The data object links the original file with all of its segments by
providing a list 112 of all segments which constitute that file.
The data object 110 can be stored within the content store along
with the segments. In order to be able to identify and access the
data object within the store, it can be associated with the
fingerprint of the original file taken as a whole. In the case of
single segment files, the system of the present example creates a
segment object for the segment (because other, multi-segment files
may contain this segment as one of their segments). The system also
creates a data object but in this case the segment list in the file
object contains only one segment. Both the file and the segment
object have (and are stored under) the same fingerprint. Through
the data object 110, the original file can be reconstructed by
retrieving the segments 112 referred to in the data object 110 and
appending them one after the other in the order in which they
appear in the data object.
[0055] For each segment, a list of the data objects with which it
is associated can be stored in the content store with the segment.

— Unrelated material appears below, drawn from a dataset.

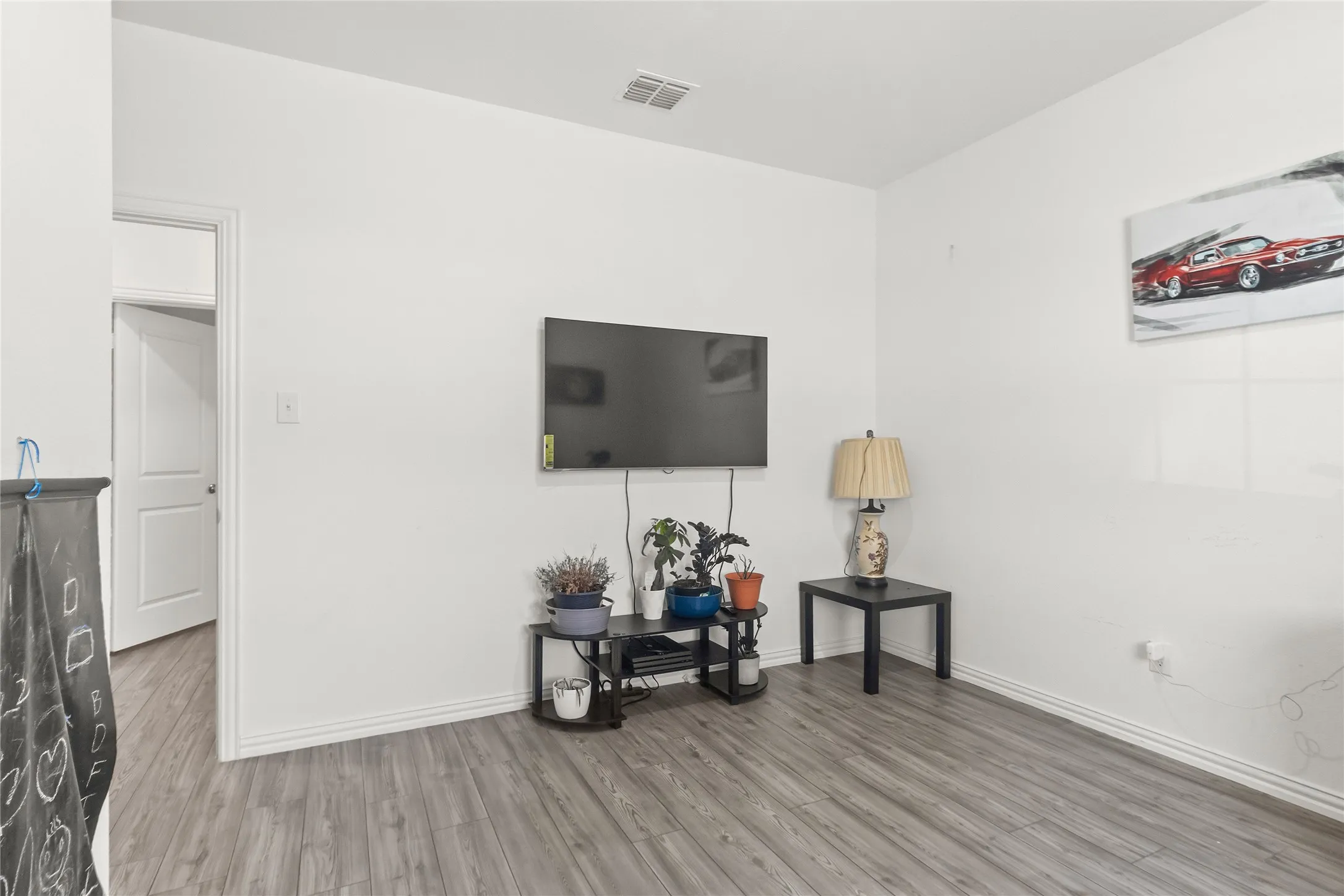 Single Family Residence For Sale in Denton County , 3505 Riverside Drive, Aubrey, Texas 76227, 4 Bedroom, 2 Bathroom, 2 Garage spaces, 1,838 Sqft, built in 2021, Preowned, mls#21171202, Real Estate Agent in Aubrey, Homes For Sale in Denton county, Homes For Sale in Aubrey, Realtor in Aubrey Texas, Real Estate Brokerage Independent Realty Texas, Luminita Cordes Realtor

The data object list is stored as an addendum or metadata to the
segment and is not considered part of the segment. Thus the segment
fingerprint is not altered by the data object list. The data object
list of a segment is effectively bookkeeping information for the
segment and is not seen as part of the segment data. Since the
segment fingerprint is computed solely over the segment data, the
segment fingerprint is independent of any segment bookkeeping
information like the data object list.
[0056] This provides the linking of segments to files. It has been
described above that unique segments are stored only once in the
content store to avoid unnecessary duplication of segments in the
file store. As described above, it is necessary to actively perform
such single instance processing as, in practice, two files can be
different but still have one or more segments in common. Such a
common segment is stored once, but the two files will have
different data objects that are both stored in the content store.
Both data objects will thus refer to the common segment(s). To
provide a way of linking a segment to all the data objects that
refer to it (and hence to all the files that contain the segment),
a list of these data objects is recorded for each segment. This
list thus contains the data object references of the segment.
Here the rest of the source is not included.